Una brutta notizia arriva da Ferrara, dove in questi giorni si è svolta Interpera 2010, una delle più importanti fiere internazionali dedicate alla coltivazione e al consumo delle pere. La pera, in particolare l’Abate Fetel, è uno dei prodotti di eccellenza del settore ortofrutticolo dell’Emilia Romagna, sia dal punto di vista della quantità che da quello della qualità. Il 70% delle pere italiane infatti proviene proprio da questa zona e l’Unione Europea ha riconosciuto la tutela dell’eccellenza regionale registrando la Pera dell’Emilia Romagna IGP.
Tutta l’Italia poi è una potenza mondiale nella produzione e nella commercializzazione di questo frutto: con circa 850.000 tonnellate è il più importante produttore europeo e uno dei primi al mondo insieme ad Argentina, Cile e Sudafrica. Il più grosso in assoluto è la Cina, che produce ogni anno 13 milioni di tonnellate di pere, più della metà della produzione mondiale.
Tuttavia, nonostante questi numeri, il mercato italiano è in forte crisi. Il calo della produzione nel corso dell’ultimo anno è di quasi il 20%. A destare ulteriore preoccupazione, oltre alla congiuntura di ordine strettamente commerciale, sono i propositi e i programmi degli addetti al settore per risollevare il mercato. Il presidente del CSO (Centro Servizi Ortofrutticoli), ha dichiarato che "Sarà necessaria una sempre più attenta e attiva azione di incentivazione all’export verso i mercati tradizionali ma anche verso i nuovi mercati. La competitività globale e i nuovi consumi impongono efficaci azioni coordinate per abbattere le barriere fitosanitarie oggi ancora presenti in molti paesi".

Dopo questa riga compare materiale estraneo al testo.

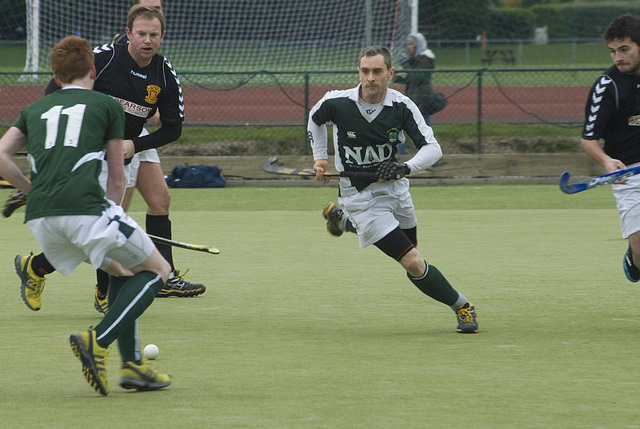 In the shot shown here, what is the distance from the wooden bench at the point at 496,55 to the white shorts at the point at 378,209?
78.9 feet

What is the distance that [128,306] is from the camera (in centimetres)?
379

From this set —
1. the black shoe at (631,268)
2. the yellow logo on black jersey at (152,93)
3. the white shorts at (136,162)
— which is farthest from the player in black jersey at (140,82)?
the black shoe at (631,268)

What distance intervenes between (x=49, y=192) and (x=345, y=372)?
60.2 inches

Il problema sono le importazioni: il saldo commerciale è del -35%, che vuol dire che i prodotti che provengono dall’estero sono di più e costano meno di quelli italiani. A livello europeo i dati sono confermati: la produzione ortofrutticola locale è diminuita del 15%, mentre quella globale è aumentata più o meno dello stesso valore. Il fatturato dell’export è cresciuto di 30 milioni di dollari, quello dell’import di 40 milioni, ben 10 in più. In Italia le importazioni di frutta e verdura hanno subito un incremento del 22% e si sono moltiplicati i casi di falsificazioni e mancata osservazione del DL 306/02, che stabilisce delle sanzioni per chi non fornisce sull’etichetta indicazioni sull’origine e sulle modalità di coltivazione dei prodotti.
I dati negativi del settore commerciale sono confermati da un’analisi di SG Marketing sulle abitudini dei consumatori. Se quasi tre quarti di essi hanno l’abitudine di consultare le etichette – sempre che le informazioni che vi sono riportare siano esaustive –, per poco più della metà (59%) l’origine del prodotto non comporta un criterio di scelta, e il dato è ancora più basso (39%) per i giovani. Ancora più preoccupante la statistica che conferma che il 60% dei distributori ritiene fondamentale dal punto di vista commerciale proporre frutta e verdura fuori stagione: fragole a gennaio e mele ad agosto.
Sembra quindi che una delle armi che potrebbero rendere l’Italia competitiva sul mercato esterno e, soprattutto, pienamente sovrana nel mercato interno, venga usata poco e male. L’eccellenza e la tipicità dei prodotti nostrani non servono a fermare l’invasione di merci importate - spesso di scarsa qualità e sottoposte a pochi controlli - che, oltre ad abbassare la qualità della nostra alimentazione, mettono in crisi il mercato locale e i coltivatori italiani. Oggi più che mai quindi, chilometro zero e filiera corta non devono essere solo degli slogan pubblicitari un po’ alternativi, ma delle scelte decise di consumo critico e consapevole.